Oh and Mai is a dragon (ok probably, not outright said). Frankly, if you didn’t spot that by this point in the series then you should hang your head in shame. Also, this makes her, quite literally, a dragon lady.
The tension in this episode was really well maintained even when just mooting ideas, the menace and the worry is always clear and always present. And there is a lot of well-acted emotional bonds as well- Harry and Morgan and Harry and Bob especially well done. It was really artfully done, well-paced and well maintained.
I like how Morgan and Harry work together in this episode – there’s a lot more depth to the empty hostility we normally see and Morgan is a much more interesting and deeper character than the walk on antagonist we see time and again.

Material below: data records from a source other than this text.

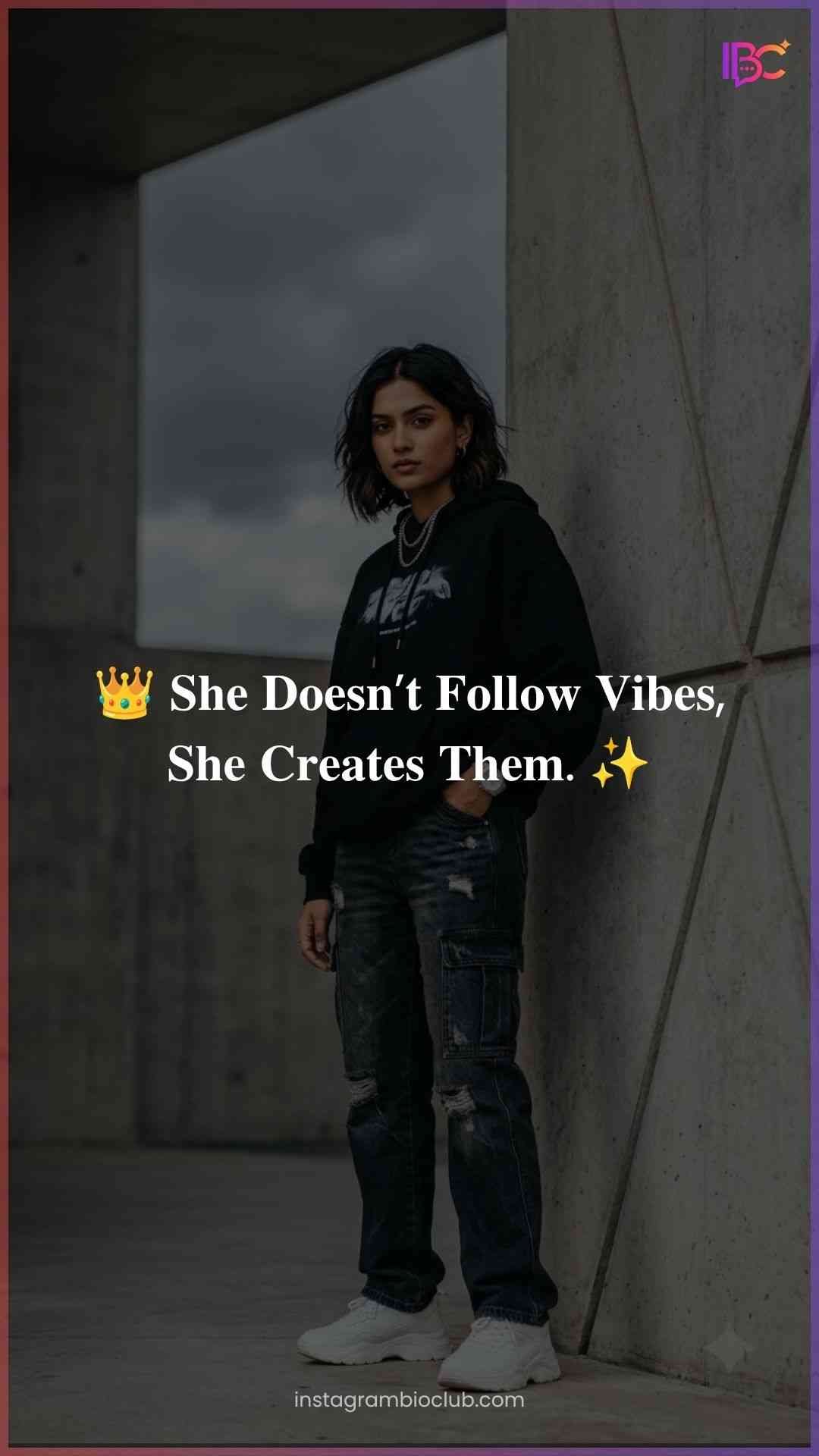 Attitude Captions For Instagram For Girl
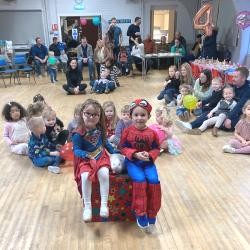 Lady Bay Community Centre party venue for kids birthday entertainment Interactive kids magic show at Lady Bay Community Centre NG2 West Bridgford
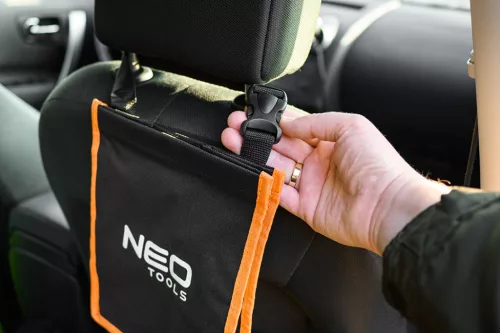 Neo Tools Autós rendszereződoboz, csomagtartóba, összecsukható, H26 méret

I also like how Murphy, despite being out of her depth, is intelligent, insightful and still can contribute. She knows so little but she still has sense which she uses. It shows that even when out of depth, a character can still contribute more than helplessness or spunkiness. In fact, I think the fake Murphy is really undermined and doesn’t fit the plot at all because there was zero indication that she wasn’t Murphy – not at all. It didn’t fit – how did this person know how to imitate Murphy so perfectly? The ending in general was pretty weak – even making the last expendable the dragon would have been better even if it were more predictable.
If I have another complaint it’s that we’ve introduced a whole new theme: Harry is dangerous and untrustworthy because he’s a Morningway. This was kind of dumped on us in episode 10 of a 12 episode series. Before this Harry was someone who Morgan didn’t like very much and Ancient Mai was just that unpleasant. Perhaps if they’d established a pattern and this theme earlier it wouldn’t have felt so sudden and dropped in.
Oh and another complaint – cameraman, are you trying to trigger any epileptics in the audience? I think the rapid switching between targets is supposed to be stylistic, but it’s disorientating. I actually had to take a break half way through the episode with a headache.